— DIRECTIONS —
Each entry is to be given again word for word; images are dropped.

— Records excerpted from a collection —

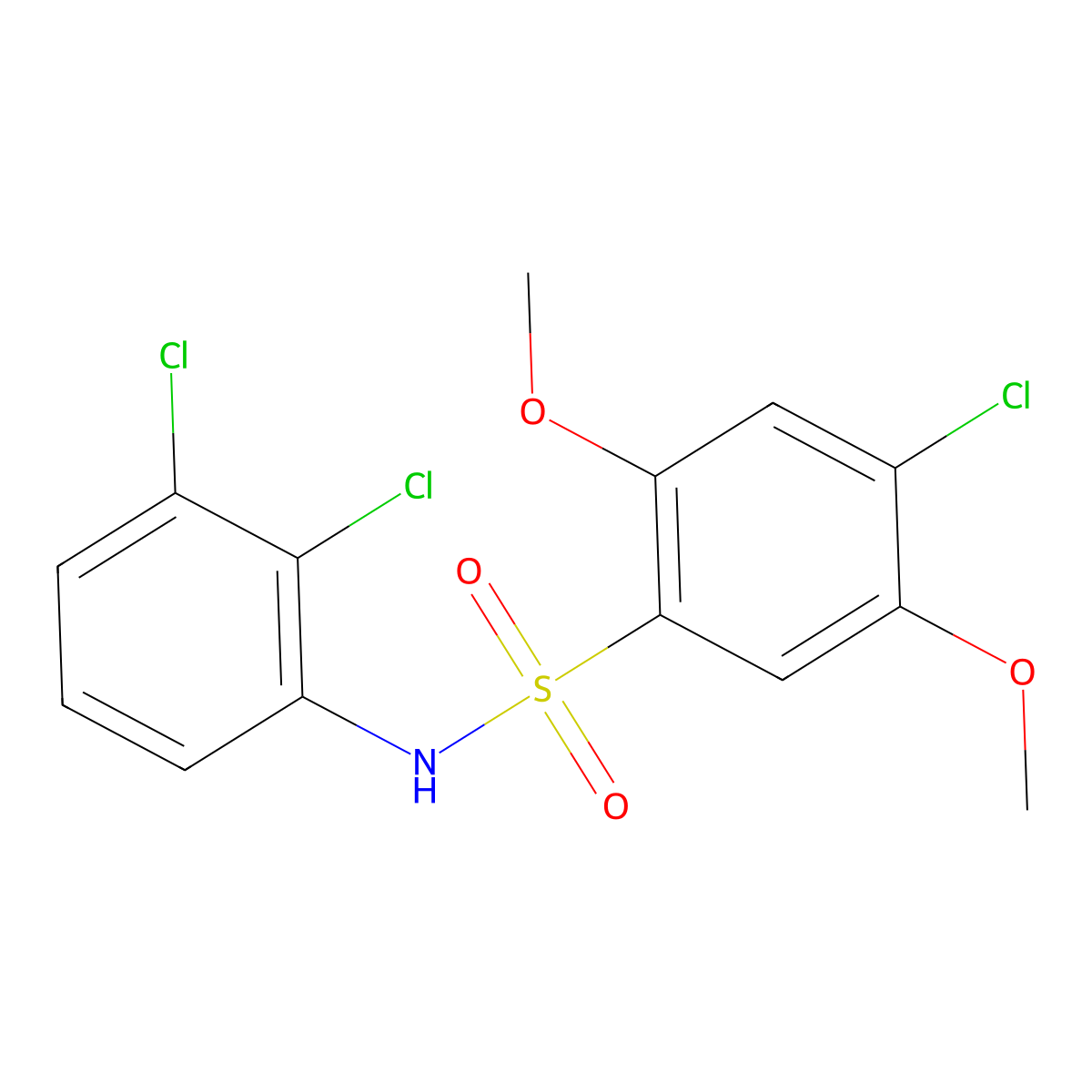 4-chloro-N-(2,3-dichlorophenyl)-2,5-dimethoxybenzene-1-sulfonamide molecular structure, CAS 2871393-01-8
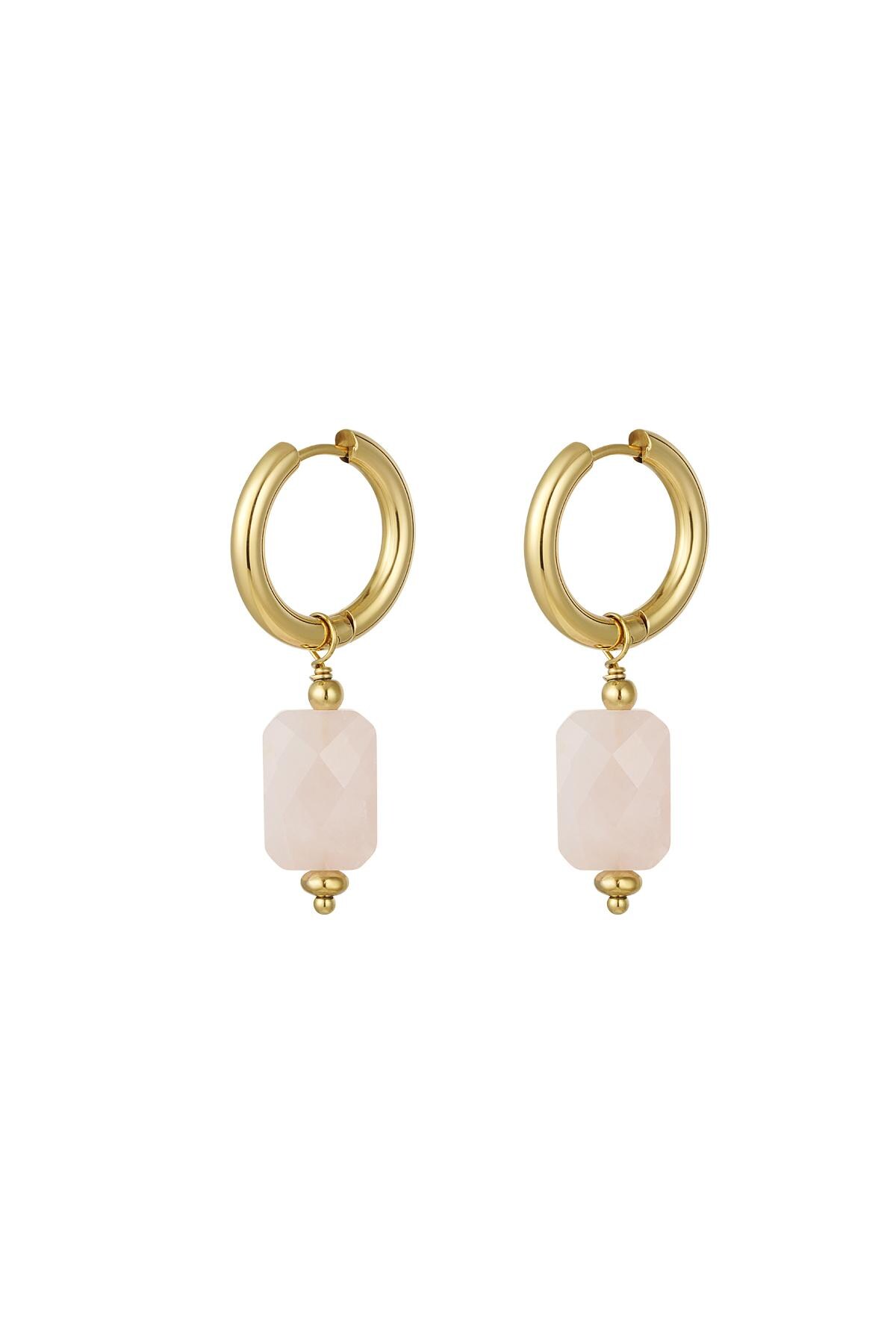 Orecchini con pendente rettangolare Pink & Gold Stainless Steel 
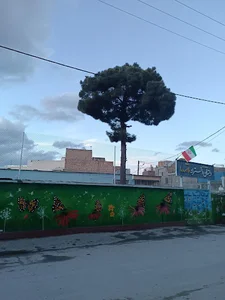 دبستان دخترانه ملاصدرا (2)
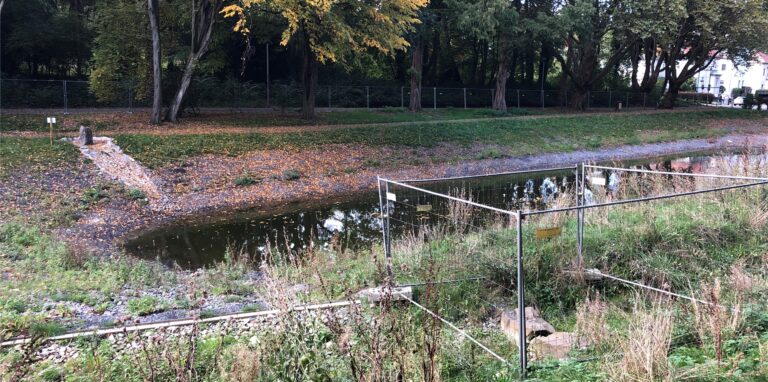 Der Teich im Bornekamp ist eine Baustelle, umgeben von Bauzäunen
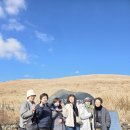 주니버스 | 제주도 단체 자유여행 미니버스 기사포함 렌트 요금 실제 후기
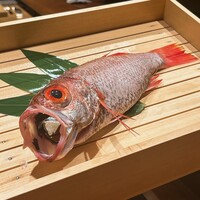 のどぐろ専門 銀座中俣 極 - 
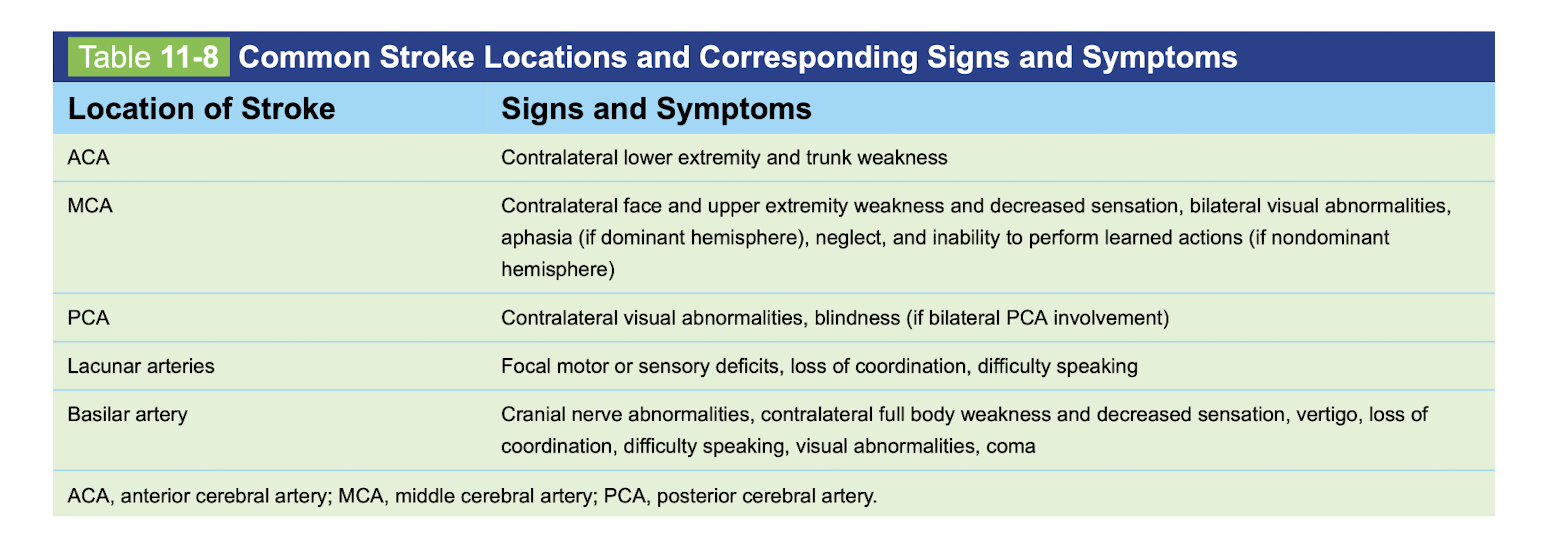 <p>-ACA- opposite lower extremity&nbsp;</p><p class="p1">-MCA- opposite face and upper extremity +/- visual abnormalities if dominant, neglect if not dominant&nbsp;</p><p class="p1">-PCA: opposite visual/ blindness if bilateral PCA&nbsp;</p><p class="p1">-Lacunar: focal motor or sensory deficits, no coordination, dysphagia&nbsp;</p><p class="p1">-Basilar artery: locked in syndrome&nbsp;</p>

— RESULT OF THIS TASK —
 4-chloro-N-(2,3-dichlorophenyl)-2,5-dimethoxybenzene-1-sulfonamide molecular structure, CAS 2871393-01-8
 Orecchini con pendente rettangolare Pink & Gold Stainless Steel 
 دبستان دخترانه ملاصدرا (2)
 Der Teich im Bornekamp ist eine Baustelle, umgeben von Bauzäunen
 주니버스 | 제주도 단체 자유여행 미니버스 기사포함 렌트 요금 실제 후기
 のどぐろ専門 銀座中俣 極 - 
 <p>-ACA- opposite lower extremity&nbsp;</p><p class="p1">-MCA- opposite face and upper extremity +/- visual abnormalities if dominant, neglect if not dominant&nbsp;</p><p class="p1">-PCA: opposite visual/ blindness if bilateral PCA&nbsp;</p><p class="p1">-Lacunar: focal motor or sensory deficits, no coordination, dysphagia&nbsp;</p><p class="p1">-Basilar artery: locked in syndrome&nbsp;</p>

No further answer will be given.